Be like a Tree. Stay grounded, keep growing and know when to let go – unknown
So it’s October already. Happens quickly doesn’t it? The time of year when the trees begin to shed their leaves and it’s such a beautiful sight to behold. As Vincent Van Gogh once said “If you truly love nature you will find beauty everywhere.” Speaking of which…
There’s much more to trees than meets the eye
Last night I watched an educational documentary (German with English subtitles) about The Secret Lives of Trees – what they feel and how them communicate. Part of Vancouver International Film Festival’s (VIFF) Impact series for 2020.
In 2015, Peter Wohlleben, a German forester, published a popular book titled “The Hidden Life of Trees” that became a best‐seller.
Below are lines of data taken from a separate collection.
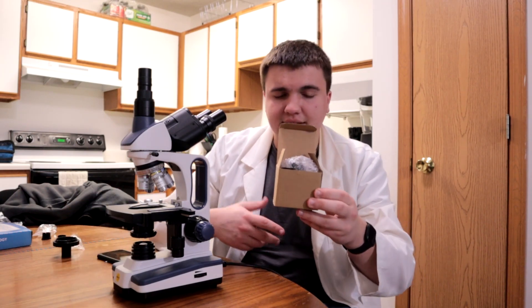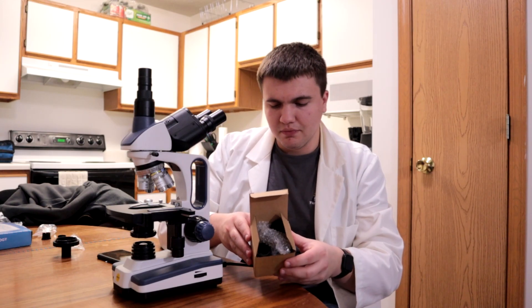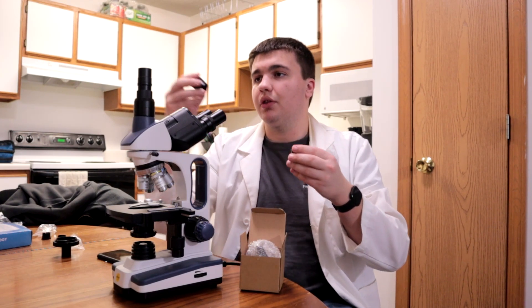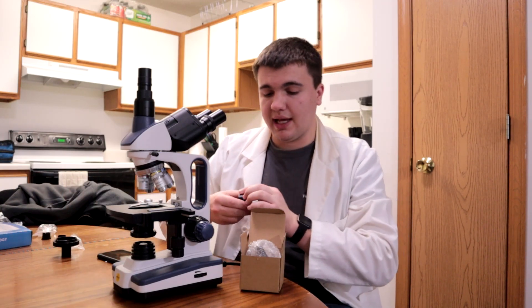As for the unboxing, it came in a package like this — just your standard Amazon bubble wrap packaging. No big deal. It came in a little box like this. I've already opened it. It was not taped shut.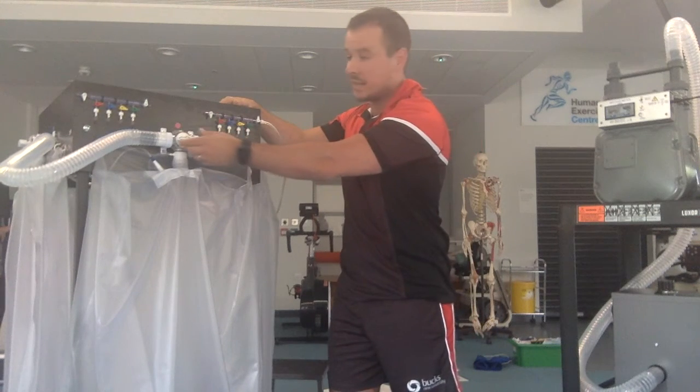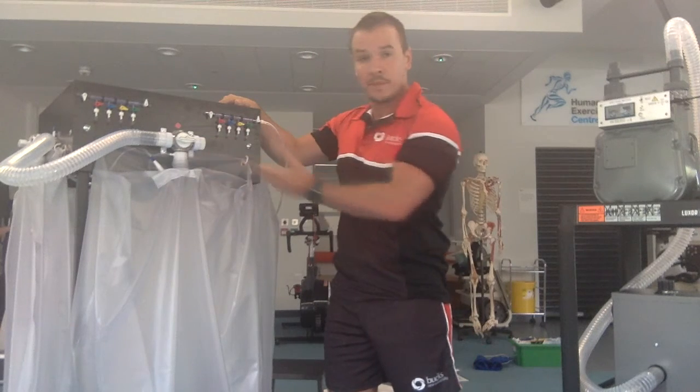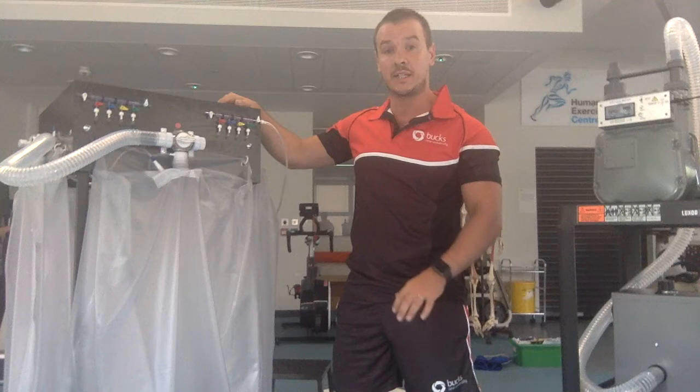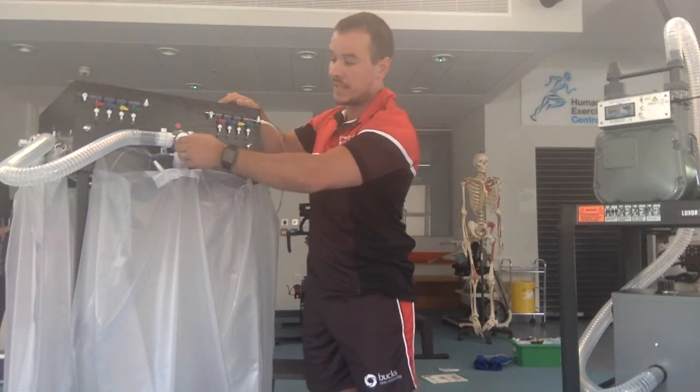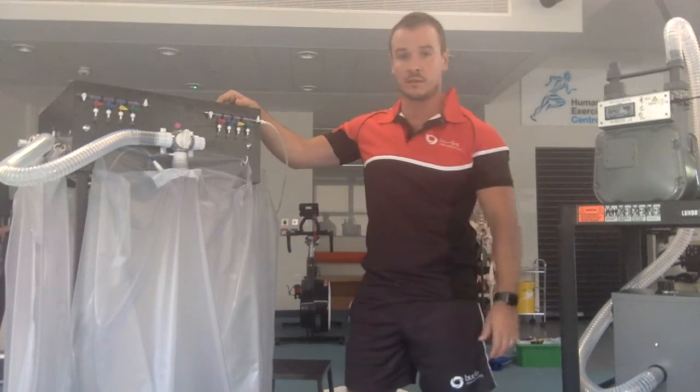You'll notice that each of these Douglas bags has a tap at the top. When the tap is horizontal, the bag is sealed and no air can pass either in or out. However, when I turn the tap to the right, I open it so the air can pass in or out freely.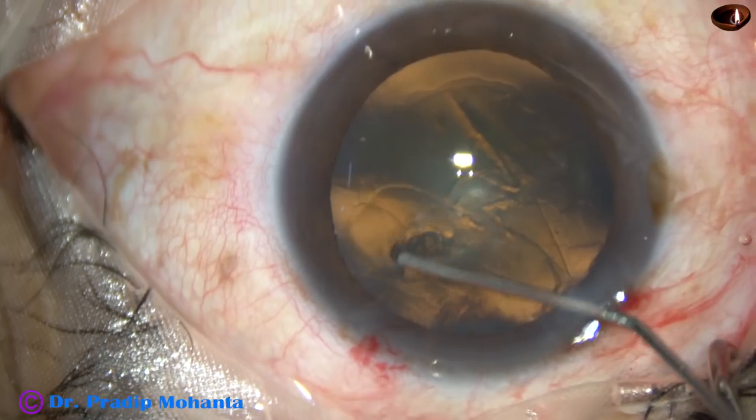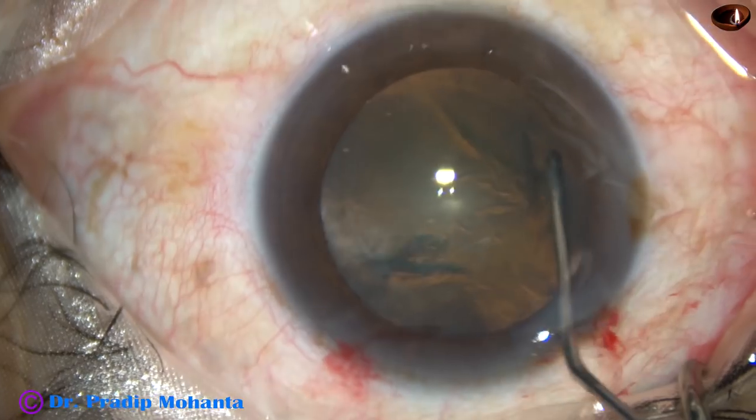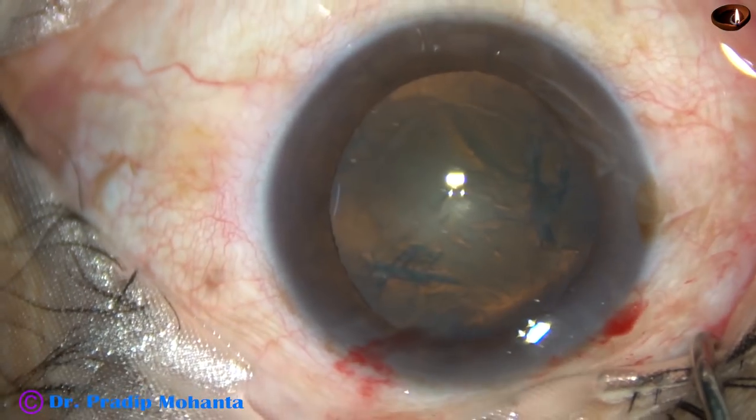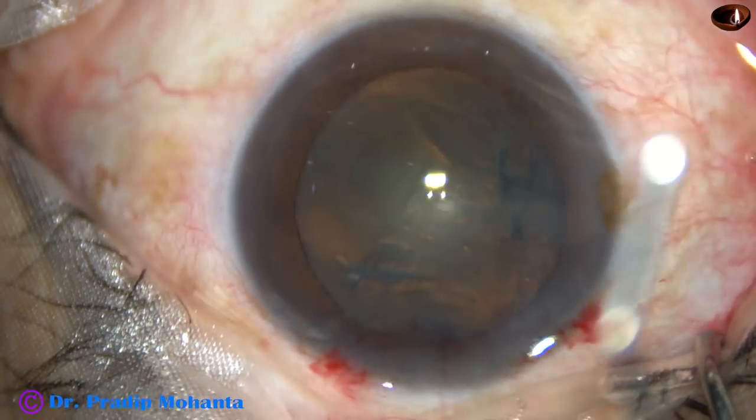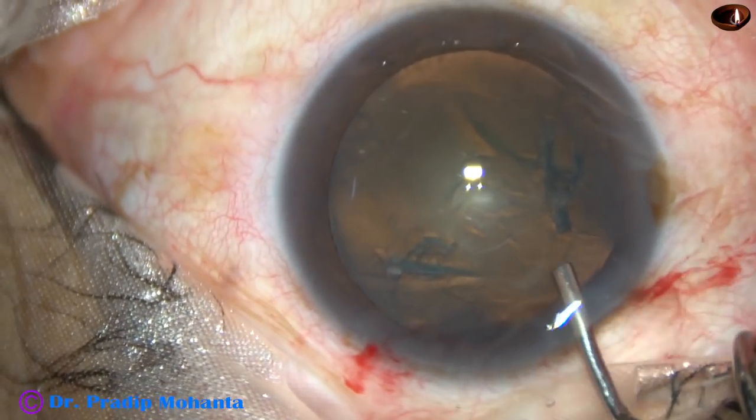Now, hydrodissection. The fluid wave has gone to the opposite equator. Depressed the nucleus and the fluid wave comes anteriorly, indicating complete hydrodissection.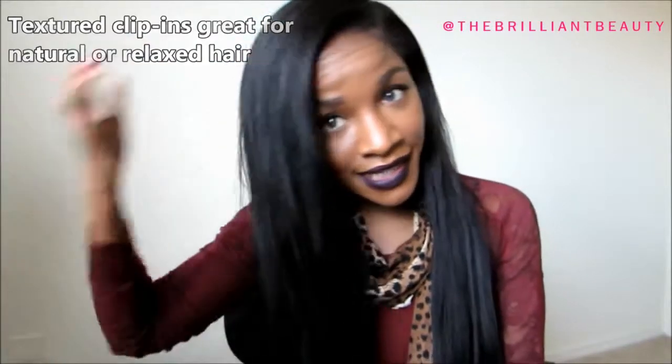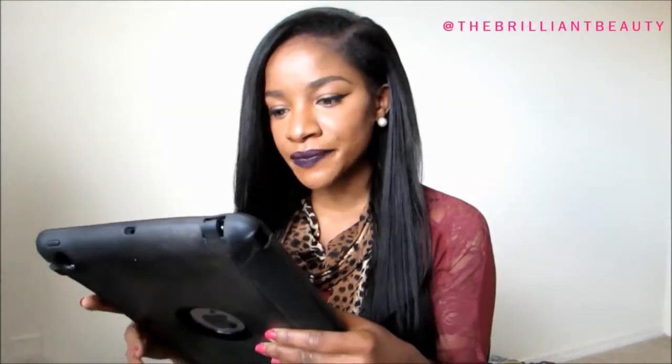My natural hair is straightened and out, and I have a deep side part today. I do have in the Light Yaki texture. I got a 1B color, 20 inches like I said, and it's very long — this might be a bit more than 20 inches, like this is very, very long.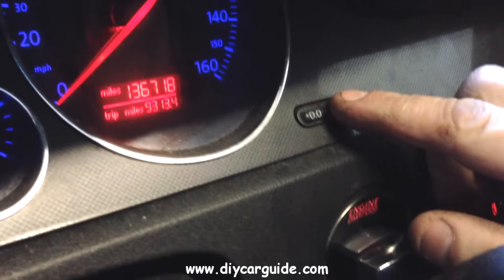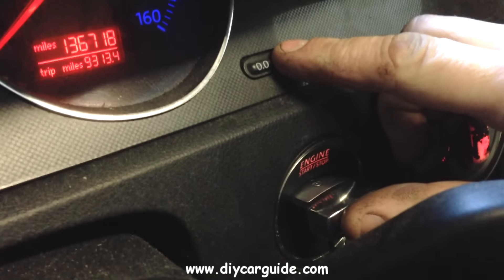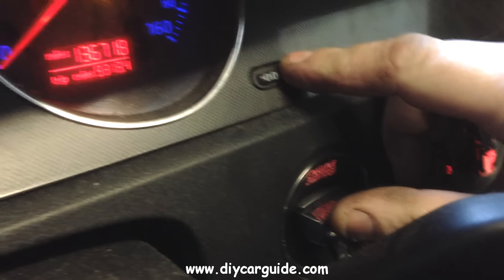Hello folks. To reset the service reminder on this Passat, all I need to do is hold down the little spanner symbol, turn on the ignition, and you can see the service now indicator.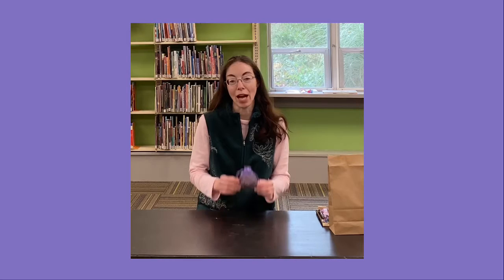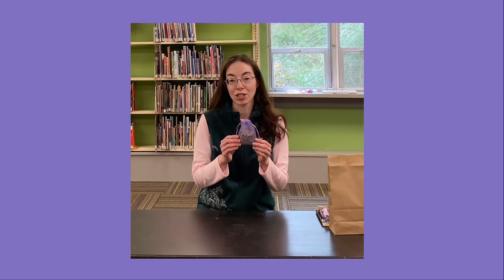Hi! For this week's adult and teen craft, we'll be making these lovely lavender scented sachets.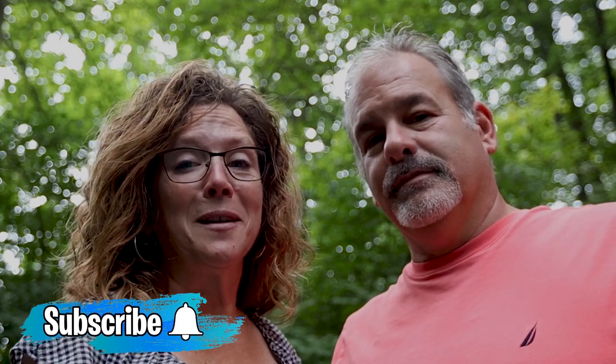If you have something, drop it below. If you're enjoying these videos, please give us a thumbs up. Make sure you subscribe and ring the bell so that you don't miss the next tip that probably is shared with us — which might be one of your tips.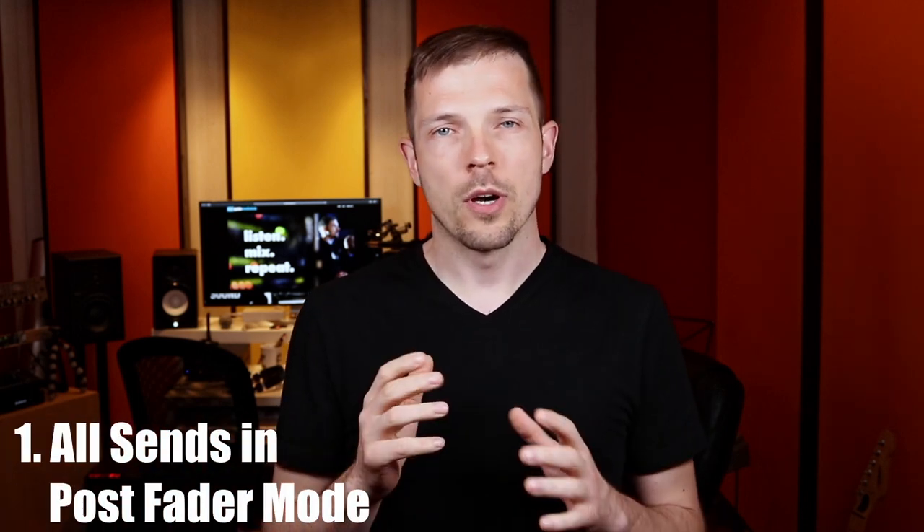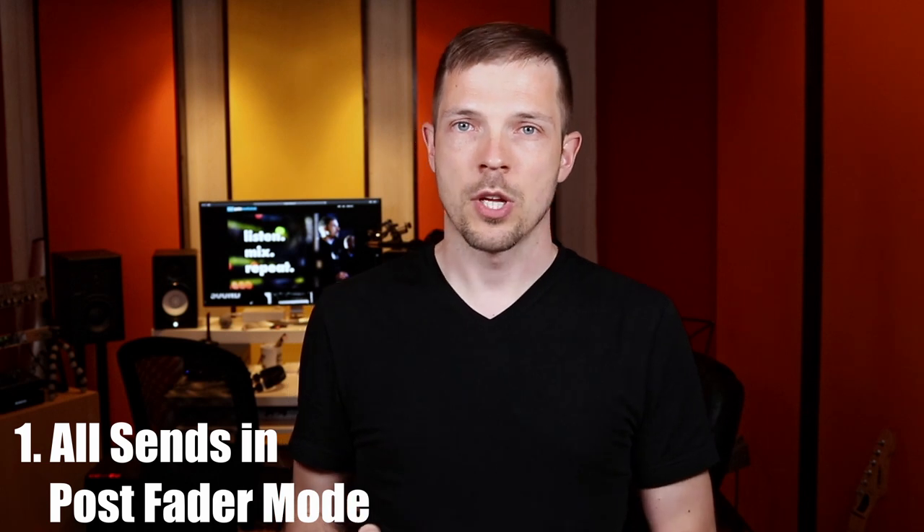The first tip is putting all of your sends into post-fader mode. When you are mixing monitors from front of house, you have to set up your monitoring sends as pre-fader, so that your main mix fader movements do not influence the levels on stage.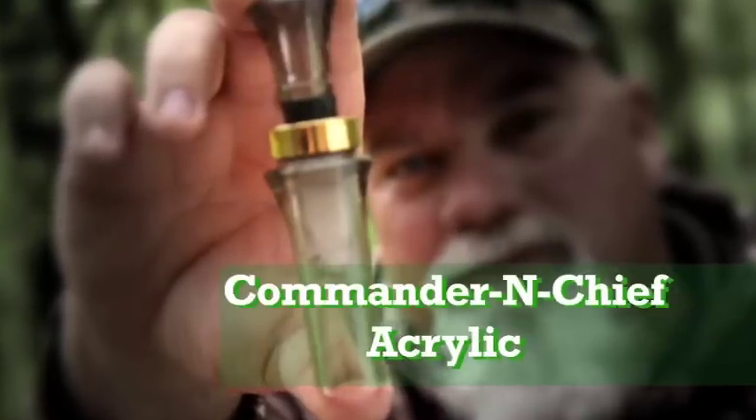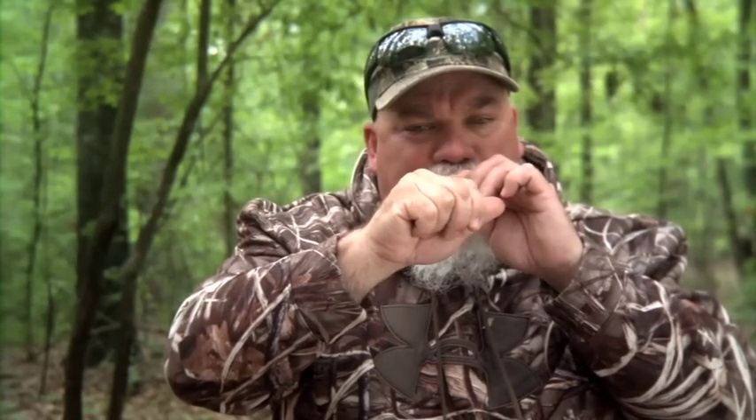Commander-in-Chief Acrylic. It's one of our higher end calls with the material that it's made from. Real loud. You can use it in rice fields and open water. It'd be great. Good sounding call.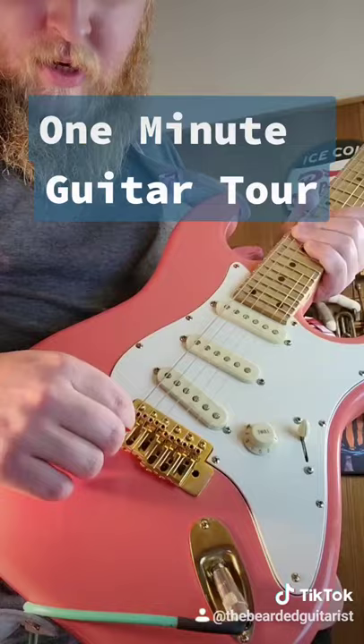I have the Fender Hot Noiseless pickups, single volume, five-way switch, five springs in the back. I really like it — it's my number one.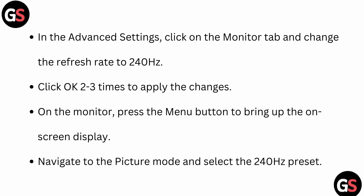In the advanced settings, click on the monitor tab and change the refresh rate to 240 hertz, then click OK to apply the changes. On the monitor, press the menu button to bring up the on-screen display, navigate to the picture mode, and select the 240 hertz preset.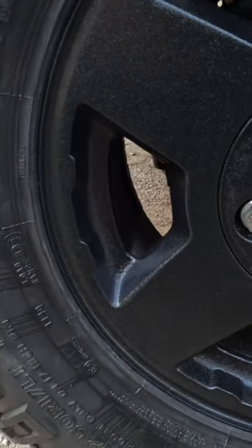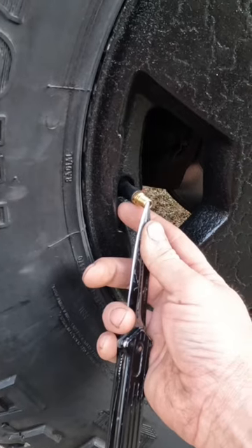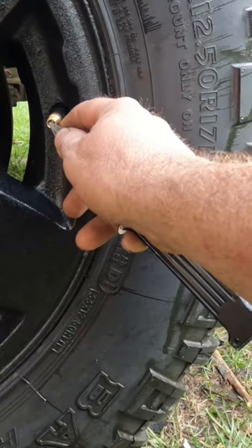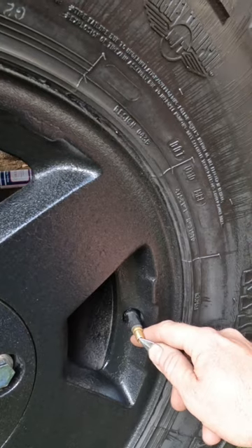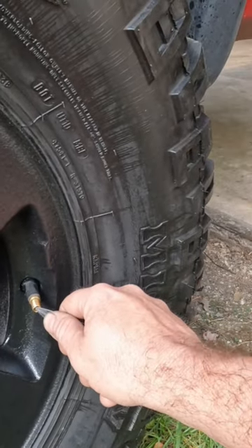I'm going to do a relearn on the tire and then it sends a signal to the truck, or it cuts some air out of each individual tire until the truck honks. So I'm just going to start letting air out until the truck honks at us. That's how you do a relearn on tire positions for your TPMS. Turn your tires back up.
Life, Death and Regeneration…
In this intriguing documentary, Peter Wohlleben shares his deep love of woods and forests and explains his observations and presents the science behind the secret and previously unknown life of trees and their communication abilities.
We find out…
Much like human families, tree parents live together with their children, communicate with them, and support them as they grow, sharing nutrients with those who are sick or struggling and creating an ecosystem that mitigates the impact of extremes of heat and cold for the whole group. As a result of such interactions, trees in a family or community are protected and can live to be very old. In contrast, solitary trees, like street kids, have a tough time of it and in most cases die much earlier than those in a group.
As Wohlleben says, a happy forest is a healthy forest, and he believes that eco-friendly practices not only are economically sustainable but also benefit the health of our planet and the mental and physical health of all who live on Earth.
From the VIFF Catalogue:
A forest is a super-organism, like an ant colony. Trees are interconnected, they communicate with each other, and even share community health care. Best-selling author Peter Wohlleben is our environmental tour guide for this eye-opening introduction to a new philosophy of forestry. We meet the oldest known tree in the world, a 10,000 year old Swedish spruce; burned out pine farms; succulent deciduous woods; there’s even a cameo from David Suzuki. You will never look at a tree the same way again.
I give this one three stars *** (interesting knowledge but slow moving).